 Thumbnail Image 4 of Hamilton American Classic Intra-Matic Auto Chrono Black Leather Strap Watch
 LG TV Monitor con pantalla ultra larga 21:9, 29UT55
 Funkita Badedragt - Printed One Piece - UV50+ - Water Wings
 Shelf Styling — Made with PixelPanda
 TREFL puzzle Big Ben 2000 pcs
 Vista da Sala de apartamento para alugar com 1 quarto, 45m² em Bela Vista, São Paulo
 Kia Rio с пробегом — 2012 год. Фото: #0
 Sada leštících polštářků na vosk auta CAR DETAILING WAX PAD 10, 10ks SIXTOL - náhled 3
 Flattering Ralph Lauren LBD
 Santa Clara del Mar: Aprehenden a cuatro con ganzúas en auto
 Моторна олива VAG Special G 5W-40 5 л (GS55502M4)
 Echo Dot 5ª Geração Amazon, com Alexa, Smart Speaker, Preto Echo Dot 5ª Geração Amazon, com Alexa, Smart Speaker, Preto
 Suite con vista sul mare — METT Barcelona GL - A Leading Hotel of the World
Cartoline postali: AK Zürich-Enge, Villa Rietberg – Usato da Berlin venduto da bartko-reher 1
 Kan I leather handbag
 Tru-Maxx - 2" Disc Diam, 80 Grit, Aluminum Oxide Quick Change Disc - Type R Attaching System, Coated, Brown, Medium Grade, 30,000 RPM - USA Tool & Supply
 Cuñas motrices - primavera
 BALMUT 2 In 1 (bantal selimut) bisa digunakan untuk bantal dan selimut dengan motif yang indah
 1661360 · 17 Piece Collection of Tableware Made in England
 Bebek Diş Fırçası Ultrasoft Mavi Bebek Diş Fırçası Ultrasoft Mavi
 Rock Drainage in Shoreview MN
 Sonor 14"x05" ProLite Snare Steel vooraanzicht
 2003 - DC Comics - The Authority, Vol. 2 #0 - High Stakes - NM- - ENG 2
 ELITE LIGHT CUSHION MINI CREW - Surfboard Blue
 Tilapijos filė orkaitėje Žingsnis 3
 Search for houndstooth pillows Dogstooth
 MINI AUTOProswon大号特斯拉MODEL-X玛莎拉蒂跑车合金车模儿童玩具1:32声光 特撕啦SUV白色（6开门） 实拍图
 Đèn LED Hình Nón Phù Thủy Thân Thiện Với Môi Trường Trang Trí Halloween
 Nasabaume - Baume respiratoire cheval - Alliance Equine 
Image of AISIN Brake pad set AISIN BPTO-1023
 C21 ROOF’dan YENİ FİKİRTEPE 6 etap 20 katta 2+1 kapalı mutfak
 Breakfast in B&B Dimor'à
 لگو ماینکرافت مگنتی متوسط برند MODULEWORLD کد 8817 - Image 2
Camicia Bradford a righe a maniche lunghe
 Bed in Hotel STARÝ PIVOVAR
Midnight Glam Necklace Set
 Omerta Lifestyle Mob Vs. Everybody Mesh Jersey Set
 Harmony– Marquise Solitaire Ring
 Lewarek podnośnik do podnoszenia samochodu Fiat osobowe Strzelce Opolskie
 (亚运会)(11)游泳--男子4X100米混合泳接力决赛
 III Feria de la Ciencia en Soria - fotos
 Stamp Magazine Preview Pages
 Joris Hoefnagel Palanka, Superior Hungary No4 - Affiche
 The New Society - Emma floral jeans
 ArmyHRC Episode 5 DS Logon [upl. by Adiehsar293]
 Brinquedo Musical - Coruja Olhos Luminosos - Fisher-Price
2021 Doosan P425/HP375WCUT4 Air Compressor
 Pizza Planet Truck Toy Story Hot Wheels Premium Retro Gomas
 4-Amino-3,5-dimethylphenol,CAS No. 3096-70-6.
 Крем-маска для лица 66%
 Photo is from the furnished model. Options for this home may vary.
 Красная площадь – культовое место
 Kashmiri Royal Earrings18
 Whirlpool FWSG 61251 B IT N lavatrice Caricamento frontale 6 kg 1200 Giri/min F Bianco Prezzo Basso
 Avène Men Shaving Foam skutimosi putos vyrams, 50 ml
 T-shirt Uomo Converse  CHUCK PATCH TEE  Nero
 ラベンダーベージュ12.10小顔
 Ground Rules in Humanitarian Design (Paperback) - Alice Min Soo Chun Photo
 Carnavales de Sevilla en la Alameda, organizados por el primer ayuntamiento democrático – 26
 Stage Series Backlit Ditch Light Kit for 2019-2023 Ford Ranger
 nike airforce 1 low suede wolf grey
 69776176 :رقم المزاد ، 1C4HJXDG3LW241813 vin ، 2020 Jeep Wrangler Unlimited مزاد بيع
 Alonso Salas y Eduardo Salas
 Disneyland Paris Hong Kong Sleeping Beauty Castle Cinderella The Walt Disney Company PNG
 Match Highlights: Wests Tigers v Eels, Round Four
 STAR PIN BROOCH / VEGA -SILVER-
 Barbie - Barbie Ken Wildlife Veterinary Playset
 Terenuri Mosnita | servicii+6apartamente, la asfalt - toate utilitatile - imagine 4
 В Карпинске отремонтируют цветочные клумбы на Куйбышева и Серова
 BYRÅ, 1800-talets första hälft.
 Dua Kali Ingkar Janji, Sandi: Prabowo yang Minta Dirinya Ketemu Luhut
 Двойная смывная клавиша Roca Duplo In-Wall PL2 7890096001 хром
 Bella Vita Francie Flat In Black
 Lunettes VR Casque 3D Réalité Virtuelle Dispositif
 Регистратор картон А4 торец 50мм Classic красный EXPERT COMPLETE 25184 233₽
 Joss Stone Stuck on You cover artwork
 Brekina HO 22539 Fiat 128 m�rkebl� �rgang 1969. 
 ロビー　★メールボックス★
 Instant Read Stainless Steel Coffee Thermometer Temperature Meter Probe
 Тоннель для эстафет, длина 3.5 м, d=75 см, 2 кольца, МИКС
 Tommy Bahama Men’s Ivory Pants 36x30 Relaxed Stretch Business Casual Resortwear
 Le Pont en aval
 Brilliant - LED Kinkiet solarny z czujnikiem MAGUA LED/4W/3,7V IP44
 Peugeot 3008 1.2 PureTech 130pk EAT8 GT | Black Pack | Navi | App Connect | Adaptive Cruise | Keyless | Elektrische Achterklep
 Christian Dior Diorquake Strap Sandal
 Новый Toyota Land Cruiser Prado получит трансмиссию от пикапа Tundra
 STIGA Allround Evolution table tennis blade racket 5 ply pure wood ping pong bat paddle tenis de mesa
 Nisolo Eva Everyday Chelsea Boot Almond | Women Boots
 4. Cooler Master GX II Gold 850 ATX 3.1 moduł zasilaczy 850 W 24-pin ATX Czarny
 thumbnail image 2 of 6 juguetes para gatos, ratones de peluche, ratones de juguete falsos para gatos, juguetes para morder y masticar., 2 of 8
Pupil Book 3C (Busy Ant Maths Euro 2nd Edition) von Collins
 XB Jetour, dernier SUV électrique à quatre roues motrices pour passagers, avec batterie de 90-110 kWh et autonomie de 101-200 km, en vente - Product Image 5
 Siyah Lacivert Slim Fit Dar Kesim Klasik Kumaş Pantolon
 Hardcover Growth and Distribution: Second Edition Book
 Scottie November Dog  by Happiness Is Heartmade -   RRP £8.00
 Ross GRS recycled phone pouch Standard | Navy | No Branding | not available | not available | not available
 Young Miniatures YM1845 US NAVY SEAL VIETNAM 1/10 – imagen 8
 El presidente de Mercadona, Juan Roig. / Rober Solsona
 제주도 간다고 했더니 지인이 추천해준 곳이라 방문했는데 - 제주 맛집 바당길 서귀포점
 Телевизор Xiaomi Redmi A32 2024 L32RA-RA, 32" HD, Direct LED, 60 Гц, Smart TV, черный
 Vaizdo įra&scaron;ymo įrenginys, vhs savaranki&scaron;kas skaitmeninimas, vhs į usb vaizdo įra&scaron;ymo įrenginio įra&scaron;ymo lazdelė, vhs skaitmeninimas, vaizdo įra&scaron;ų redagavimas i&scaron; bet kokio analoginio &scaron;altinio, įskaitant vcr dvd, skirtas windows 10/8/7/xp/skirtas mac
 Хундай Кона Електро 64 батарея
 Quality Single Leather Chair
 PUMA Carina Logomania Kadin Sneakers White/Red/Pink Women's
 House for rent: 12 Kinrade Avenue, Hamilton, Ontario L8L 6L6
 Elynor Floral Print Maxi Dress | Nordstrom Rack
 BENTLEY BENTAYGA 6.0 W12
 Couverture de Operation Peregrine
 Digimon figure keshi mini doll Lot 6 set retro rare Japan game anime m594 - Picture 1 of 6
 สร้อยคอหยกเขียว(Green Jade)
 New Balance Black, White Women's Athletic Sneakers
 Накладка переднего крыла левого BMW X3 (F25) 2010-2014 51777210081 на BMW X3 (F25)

----------------------------------------

### [Work instruction]
Each line of the data that includes "Smart" should be copied.

### [Output below]
 Echo Dot 5ª Geração Amazon, com Alexa, Smart Speaker, Preto Echo Dot 5ª Geração Amazon, com Alexa, Smart Speaker, Preto
 Телевизор Xiaomi Redmi A32 2024 L32RA-RA, 32" HD, Direct LED, 60 Гц, Smart TV, черный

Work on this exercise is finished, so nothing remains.